Hi,
just tried your approach. First of all, its working much better. However, the result seems to be inconsistent. Sometimes it really processes batches of 3, sometimes its 1-5-3-1 (I reduced the sleep time to 500ms):
debug: Completed part 500ms after start
debug: Completed part 1000ms after start
debug: Completed part 1000ms after start
debug: Completed part 1000ms after start
debug: Completed part 1001ms after start
debug: Completed part 1001ms after start
debug: Completed part 1501ms after start
debug: Completed part 1501ms after start
debug: Completed part 1501ms after start
debug: Completed part 2001ms after start
In general, thats no big deal since it works good enough. But I would like to understand why it sometimes processes more than the max permit of 3 at the same time.

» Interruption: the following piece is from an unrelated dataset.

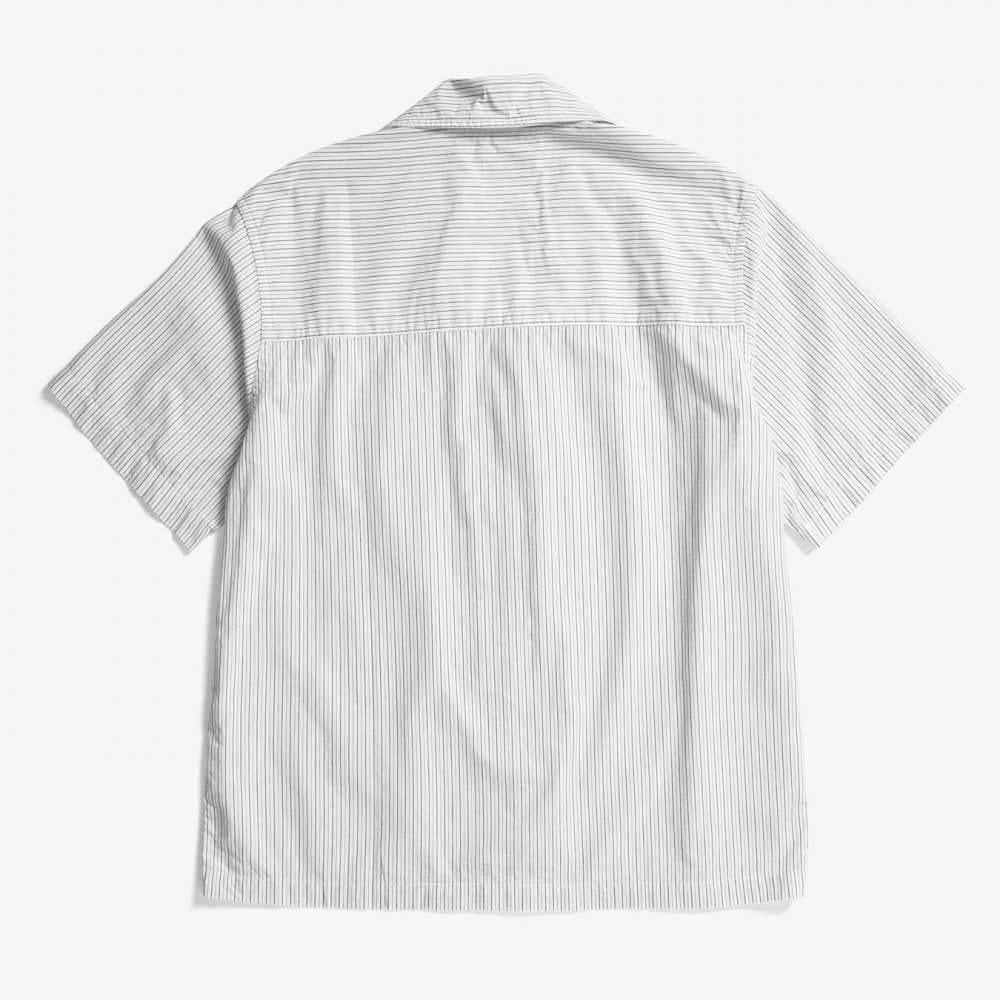 Mads Poplin Stripe SS Shirt - Ecru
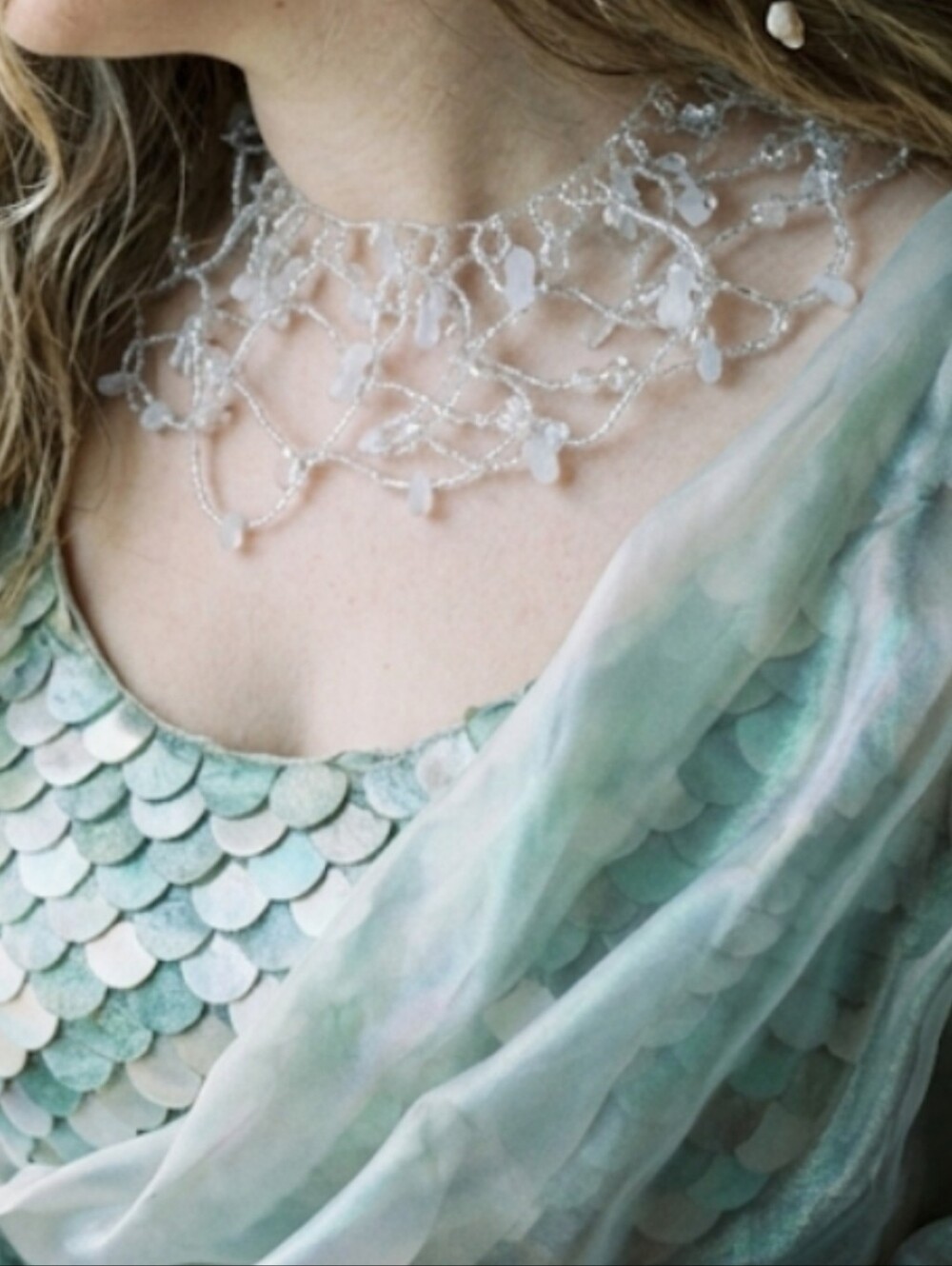 ​🧚‍♂️Vintage Hand Beaded Fairycore Mesh Net Collar Gossamer Dewdrop Necklace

Furthermore, many thanks for the elaborated explanation. But there is one thing I don’t understand regarding Group (and thats what kept me from using it so far; maybe due to my not so good English skills): If I would use a Group with a Semaphore, should I spawn all tasks into one group, or generate a single group for every batch of 3 (or whatever will be the max permit count)?
Update:
After trying some things, I was able to solve the irregular async execution using a Group and a Semaphore:
// ** omitted code see above ** //
const max_concurrency_count = 3;
var semaphore: Io.Semaphore = .{ .permits = max_concurrency_count };
var futures: std.Io.Group = .init;
errdefer futures.cancel(io);
for (ranges.items, 0..) |r, i| {
std.log.debug("Putting range {d} to futures", .{i});
const chunk = content[r.start .. r.end + 1];
futures.async(io, downloadAndWrite, .{ io, &semaphore, &local_file, chunk, r.start, start_time });
}
try futures.await(io);
const now = Io.Timestamp.untilNow(start_time, io, .awake);
std.log.debug("Time elapsed: {d}ms", .{now.toMilliseconds()});
// ** //
It works like a charm. Perfect execution in blocks of 3 every time:
debug: Part downloaded after 500ms
debug: Part downloaded after 500ms
debug: Part downloaded after 500ms
debug: Part downloaded after 1001ms
debug: Part downloaded after 1001ms
debug: Part downloaded after 1001ms
debug: Part downloaded after 1501ms
debug: Part downloaded after 1501ms
debug: Part downloaded after 1501ms
debug: Part downloaded after 2002ms
debug: Time elapsed: 2002ms
The only downside is that I need to catch all errors from my downloadAndWrite function to match Io.Cancelable.Canceled:
fn downloadAndWrite(io: Io, sema: *Io.Semaphore, file: *std.Io.File, chunk: []const u8, start: u64, start_time: Io.Timestamp) !void {
sema.wait(io) catch return Io.Cancelable.Canceled;
defer sema.post(io);
io.sleep(std.Io.Duration.fromMilliseconds(500), .awake) catch return Io.Cancelable.Canceled;
file.writePositionalAll(io, chunk, start) catch return Io.Cancelable.Canceled;
const now = Io.Timestamp.untilNow(start_time, io, .awake);
std.log.debug("Part downloaded after {d}ms", .{now.toMilliseconds()});
}
Otherwise the compilation will always fail with:
/home/lukeflo/.cache/zig/p/N-V-__8AAC_uTRUrhIpzwcTOMDh5tBuMQQ3cDzGRmhAegCJd/lib/std/Io.zig:1042:24: error: expected type 'error{Canceled}!void', found '@typeInfo(@typeInfo(@TypeOf(main.downloadAndWrite)).@"fn".return_type.?).error_union.error_set!void'
return @call(.auto, function, args_casted.*);
As I understand from this thread its necessary to catch all errors to use a Group like this. That, of course, is not very helpful for error handling since I would need to somehow collect the “real” errors if a download fails and store them in a different way. Or are there other possibilities to coerce an error returned from the async executed function to Io.Cancelable.Canceled while also keeping the original error?